Scenario: GRUB is broken or missing — system drops to grub> or grub rescue>

If you get grub> prompt (full GRUB shell):

# List available partitions
grub> ls
(hd0) (hd0,gpt1) (hd0,gpt2) (hd0,gpt3)

# Find which partition has /boot
grub> ls (hd0,gpt2)/
boot/ etc/ home/ ...

# Set root and boot manually
grub> set root=(hd0,gpt2)
grub> linux /boot/vmlinuz-5.15.0-91-generic root=/dev/sda2
grub> initrd /boot/initrd.img-5.15.0-91-generic
grub> boot

If you get grub rescue> prompt (minimal shell, modules not loaded):

# Find the partition with GRUB modules
grub rescue> ls (hd0,gpt2)/boot/grub/
grub rescue> set prefix=(hd0,gpt2)/boot/grub
grub rescue> set root=(hd0,gpt2)
grub rescue> insmod normal
grub rescue> normal
# This should bring up the GRUB menu

Full GRUB reinstall from live USB:

# Boot from live USB, mount the system
$ sudo mount /dev/sda2 /mnt
$ sudo mount /dev/sda1 /mnt/boot/efi   # If UEFI
$ sudo mount --bind /dev /mnt/dev
$ sudo mount --bind /proc /mnt/proc
$ sudo mount --bind /sys /mnt/sys
$ sudo mount --bind /run /mnt/run       # Important for UEFI

$ sudo chroot /mnt

# Reinstall GRUB
# For BIOS:
$ grub-install /dev/sda
$ update-grub

# For UEFI:
$ grub-install --target=x86_64-efi --efi-directory=/boot/efi --bootloader-id=ubuntu
$ update-grub

$ exit
$ sudo umount -R /mnt
$ sudo reboot

initramfs Regeneration

Scenario: Boot fails because initramfs is missing drivers or is corrupt

Symptoms: kernel panic with "Unable to mount root fs," "VFS: Cannot open root device," or "no working init found."

Fix from rescue mode or live USB:

# After chrooting into the system (see GRUB repair steps)

# Debian/Ubuntu:
$ update-initramfs -u -k $(uname -r)

# If current kernel doesn't match, specify the version:
$ ls /lib/modules/
5.15.0-91-generic  5.15.0-92-generic
$ update-initramfs -u -k 5.15.0-92-generic

# RHEL/CentOS (dracut):
$ dracut -f /boot/initramfs-$(uname -r).img $(uname -r)

# Verbose mode to see what's included:
$ dracut -fv /boot/initramfs-5.15.0-92-generic.img 5.15.0-92-generic 2>&1 | tee /tmp/dracut.log

# Force include specific modules (e.g., if RAID driver is missing):
$ dracut -f --add-drivers "megaraid_sas" /boot/initramfs-$(uname -r).img

Scenario: initramfs was accidentally deleted

# If /boot/initrd.img-5.15.0-91-generic is gone:

# From rescue mode or live USB chroot:
$ update-initramfs -c -k 5.15.0-91-generic   # Create new (not update)

# On RHEL:
$ dracut /boot/initramfs-5.15.0-91-generic.img 5.15.0-91-generic

Boot Performance Analysis

Scenario: System takes 90 seconds to boot, need to find the bottleneck

# Overall boot time breakdown
$ systemd-analyze
Startup finished in 3.2s (firmware) + 1.5s (loader) + 4.8s (kernel) + 82.1s (userspace) = 91.6s
graphical.target reached after 82.1s in userspace.

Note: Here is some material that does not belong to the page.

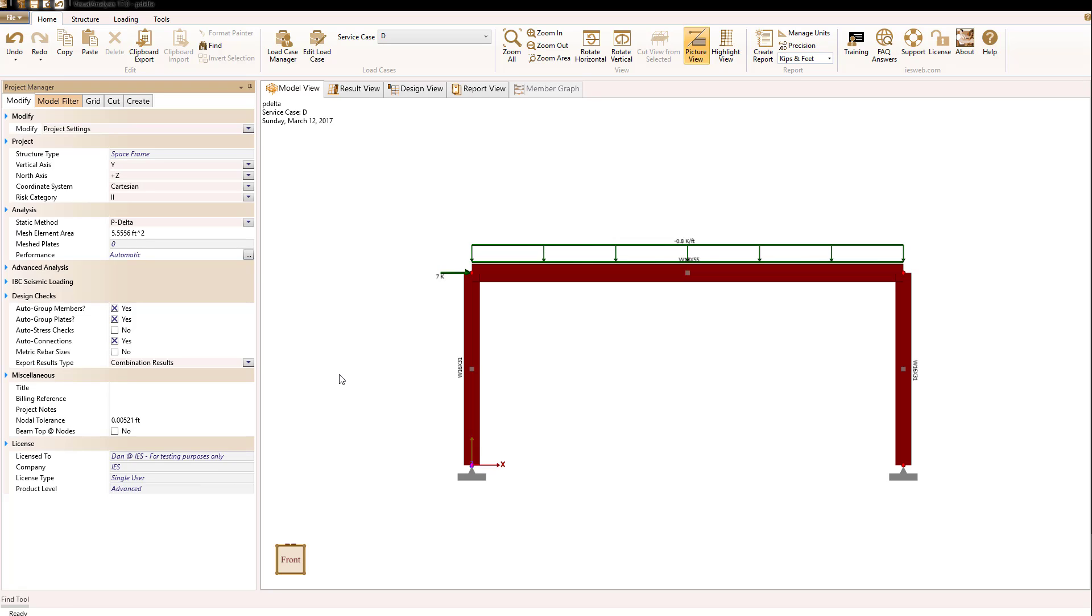Let's look at how we do this in visual analysis. If we look at the project manager modify tab with nothing selected in a model view, we see under the analysis section that we have a static method.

# Clearly the problem is in userspace. Find the culprits:
$ systemd-analyze blame | head -15
         65.234s NetworkManager-wait-online.service
          8.123s snapd.service
          3.456s plymouth-quit-wait.service
          2.345s docker.service
          1.234s dev-sda2.device
          ...

# The critical chain shows dependencies:
$ systemd-analyze critical-chain
multi-user.target @82.1s
└─NetworkManager-wait-online.service @16.8s +65.2s
  └─NetworkManager.service @14.5s +2.3s
    └─dbus.service @12.1s +0.4s
      └─basic.target @12.0s
        └─sockets.target @12.0s

# NetworkManager-wait-online is the bottleneck.
# If not needed (server with static IP):
$ sudo systemctl disable NetworkManager-wait-online.service

# Or reduce timeout:
$ sudo mkdir -p /etc/systemd/system/NetworkManager-wait-online.service.d/
$ cat <<EOF | sudo tee /etc/systemd/system/NetworkManager-wait-online.service.d/timeout.conf
[Service]
ExecStart=
ExecStart=/usr/bin/nm-online -s -q --timeout=10
EOF

# Generate SVG boot chart for detailed visualization
$ systemd-analyze plot > /tmp/boot-chart.svg

Kernel Panic Troubleshooting

Scenario: System shows kernel panic during boot

Common kernel panic messages and their causes:

"VFS: Unable to mount root fs on unknown-block(0,0)" - Root device not found. Wrong root= parameter, missing storage driver in initramfs, or hardware failure.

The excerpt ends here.